Mit dynamischen Stromtarifen lässt sich unter Umständen Geld sparen. Das verdeutlicht das Beispiel eines Tibber-Nutzers. Gegenüber unserer Redaktion beschreibt er, wie er seinen Verbrauch bereits optimieren konnte. Im Vergleich zu einem vorherigen Durchschnittspreis von rund 38 Cent pro Kilowattstunde beim örtlichen Versorger, liege dieser mittlerweile bei 27 Cent, was eine kräftige Ersparnis bedeute. Dass der Preis nach Abzug „zusätzlicher Preisbestandteile“ ins Negative rutsche, so dass man als Kunde Geld verdienen könne, ist ihm zufolge aber die Ausnahme. Die besten Ergebnisse ließen sich mit einer smarten Ausgestaltung von technischen Geräten erzielen, ist der Nutzer überzeugt.

Verwerfungen an der europäischen Strombörse

Ein dynamischer Stromtarif kann jedoch auch in die entgegengesetzte Richtung laufen. Durch starke Preisverwerfungen an der europäischen Strombörse Epex Spot mussten Verbraucher im Juni plötzlich knapp drei Euro pro Kilowattstunde zahlen. Besonders Tibber-Kunden waren betroffen. Die Preisschwankungen waren auf ein technisches Problem zurückzuführen. In der Folge mussten Auktionen zwischen einzelnen Ländern wie etwa Deutschland, Österreich, Dänemark und Frankreich entkoppelt werden.

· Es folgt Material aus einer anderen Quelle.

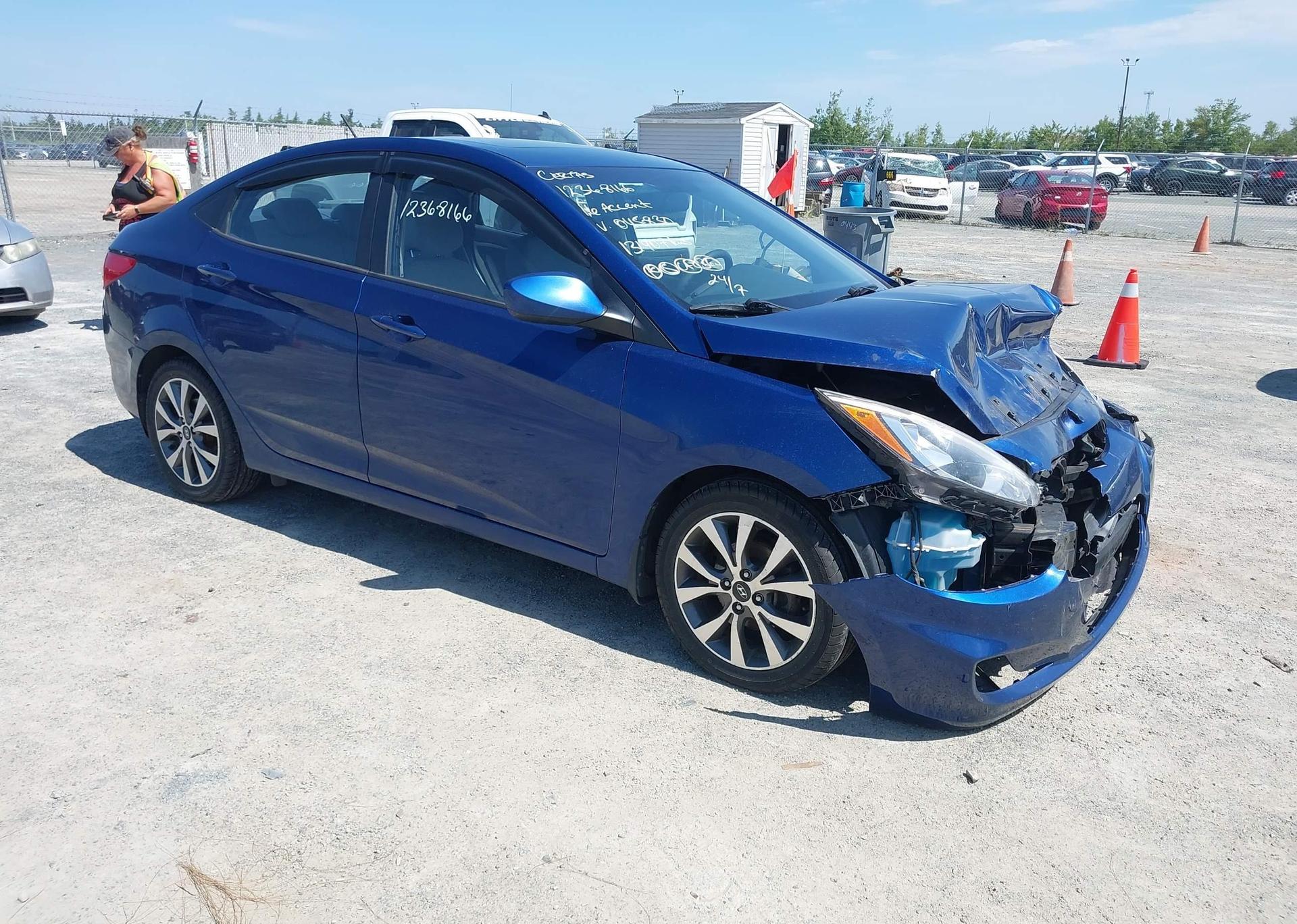 2016 HYUNDAI ACCENT SE
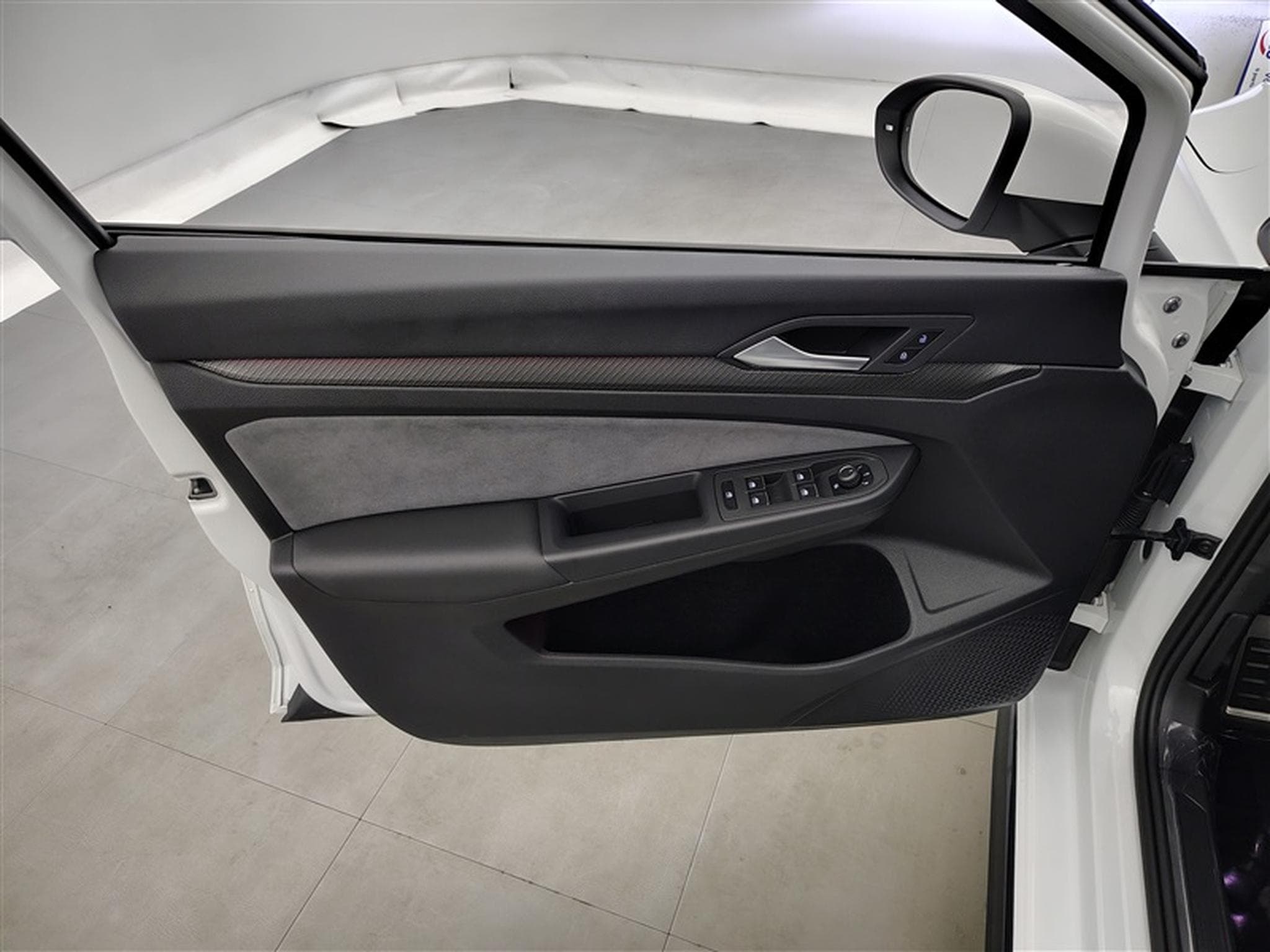 VW Golf 1.5 TSi 130Cv R-Line CARPLAY / FULL LED / ALU (2024) - Foto 17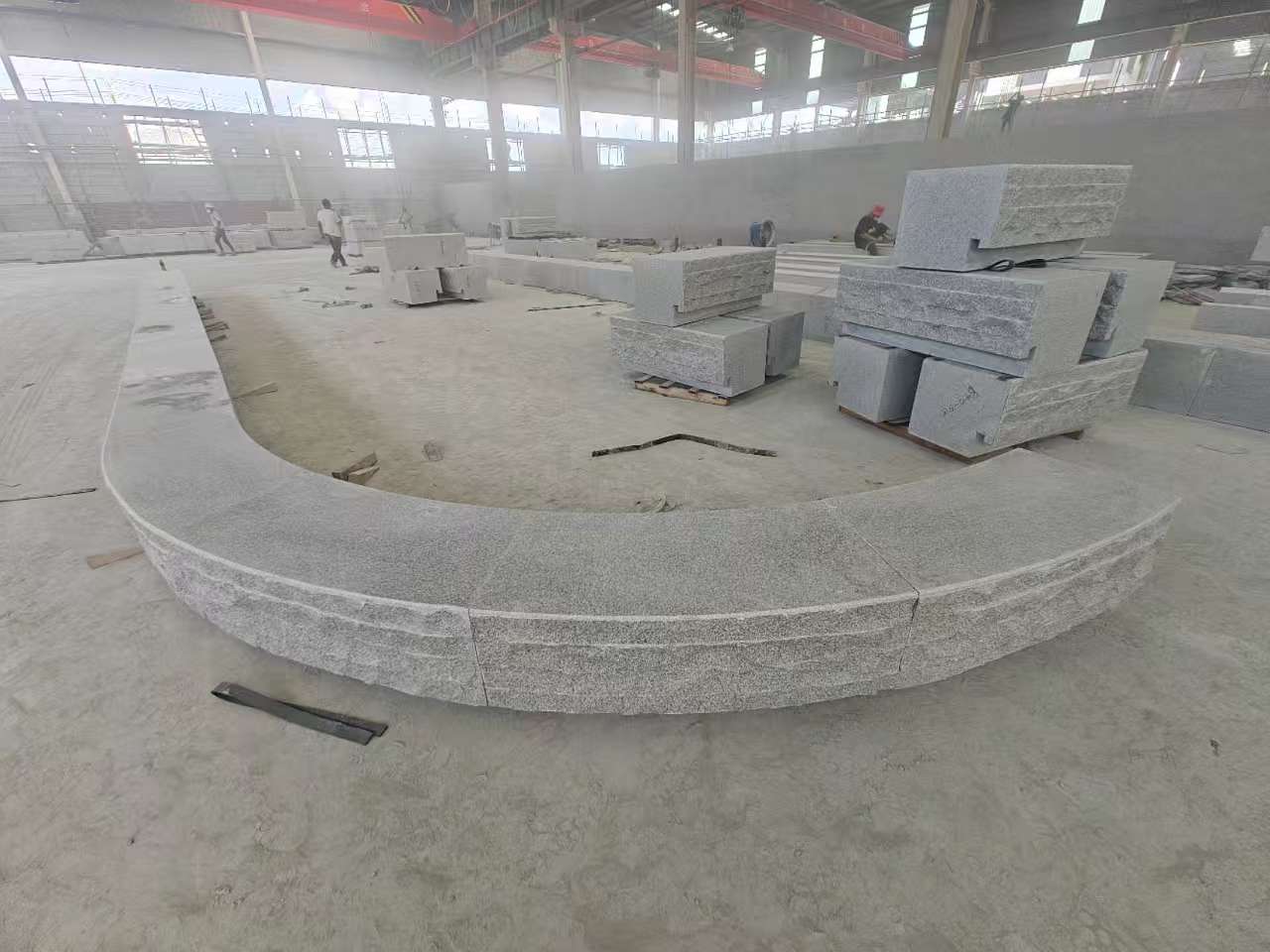 驻马店 芝麻白异形坐凳，自然面光面弧形加工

Gegenüber dem „Handelsblatt“ sagte Energieexperte Tobias Federico vom Analysehaus Energy Brainpool, die Entkopplung der Strommärkte zeige ein Szenario auf, das eintreten würde, wenn Deutschland sich komplett selbst mit Strom versorgen müsste – ohne Importe aus den Nachbarländern.